Senators visit PSU to discuss Trump’s sexual assault agenda

Oregon’s top survivor-championing senators joined local activist Brenda Tracy in visiting the Portland State campus on Monday, Oct. 9 to talk about sexual violence prevention and education.

Sen. Ron Wyden (D-Ore.) and Sen. Jeff Merkley (D-Ore.) joined an hour-long panel with PSU President Rahmat Shoureshi and PSU’s Title IX Coordinator Julie Caron, along with other members of PSU staff and administration, to talk about U.S. Secretary of Education Betsy DeVos’ recent Title IX rollbacks.

The message: More schools need to go on record saying they aren’t going to change anything.

“You ought to have the federal government on your side rather than having to try to work around it,” Wyden said, addressing PSU staff on the panel. “And I just know that given the fact that one out of five women in college will be sexually assaulted during their time there, it’s pretty obvious what the urgency is all about.”

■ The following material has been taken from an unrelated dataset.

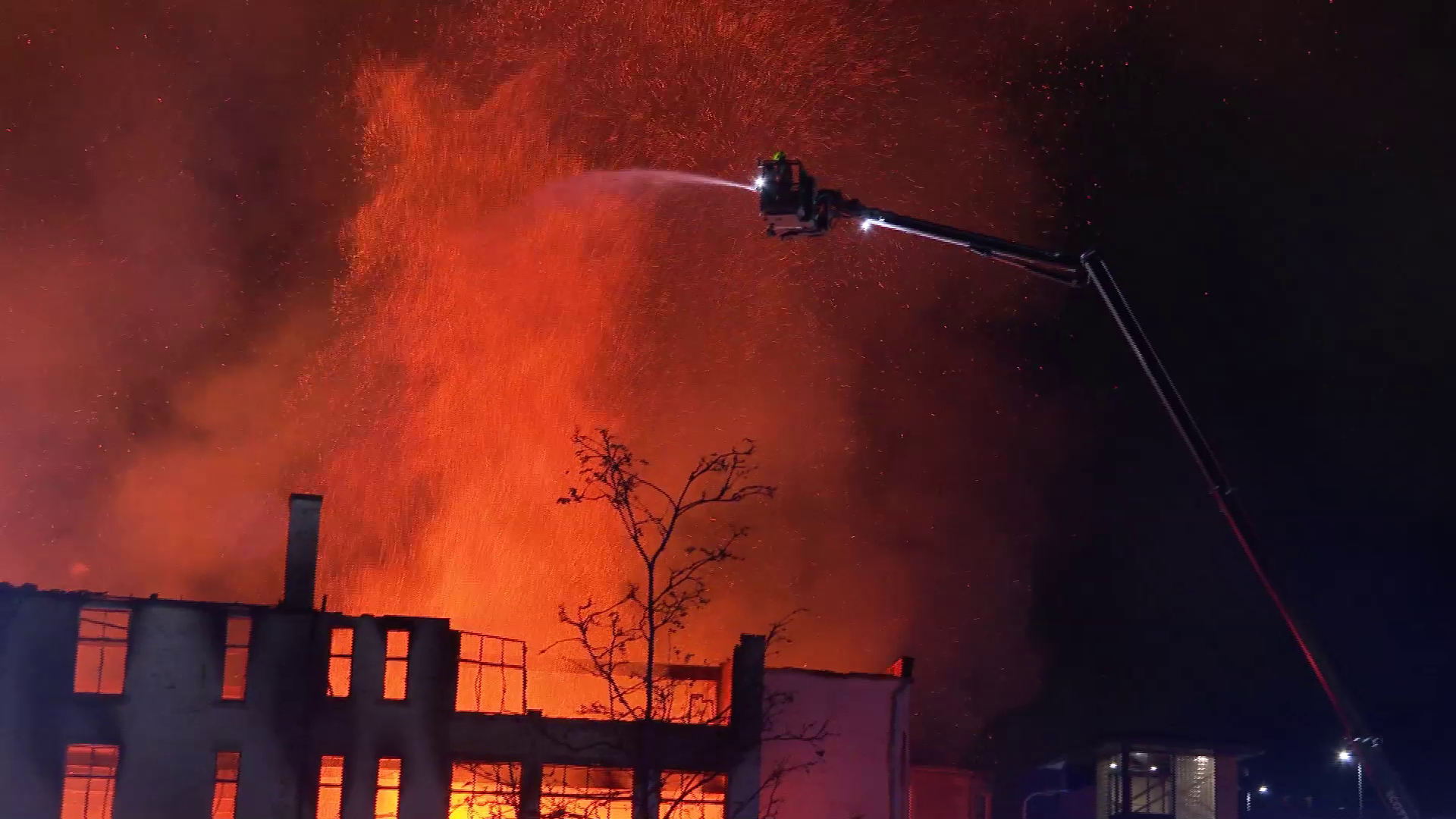 Fire at former Roberston's furniture shop in Dundee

Last week, The Vanguard covered PSU’s response to DeVos’ interim revisions to a 2011 “Dear Colleague Letter” and 2014 guidelines on sexual misconduct investigations.

At the moment, PSU is not required and does not choose to change anything about its sexual misconduct investigation policies. DeVos’ changes include allowing schools to take longer than 60 days to complete investigations, allowing higher standards of proof to be required other than “the preponderance of evidence standard,” and allowing schools to facilitate mediation for complainants and respondents.  

2017 also marks the first year that prevention workshops are mandated for new students, dorm residents and athletes. However, while PSU has bulked up its advocacy and prevention programs in recent years, other schools are not required to be so progressive.

Tracy says that until new guidelines are finalized, victims are going to live in fear of reporting their perpetrators. “If you are in a situation you know you’re going to report, you’ll have to sit down with your perpetrator and mediate. Why would you come forward?” Tracy asked.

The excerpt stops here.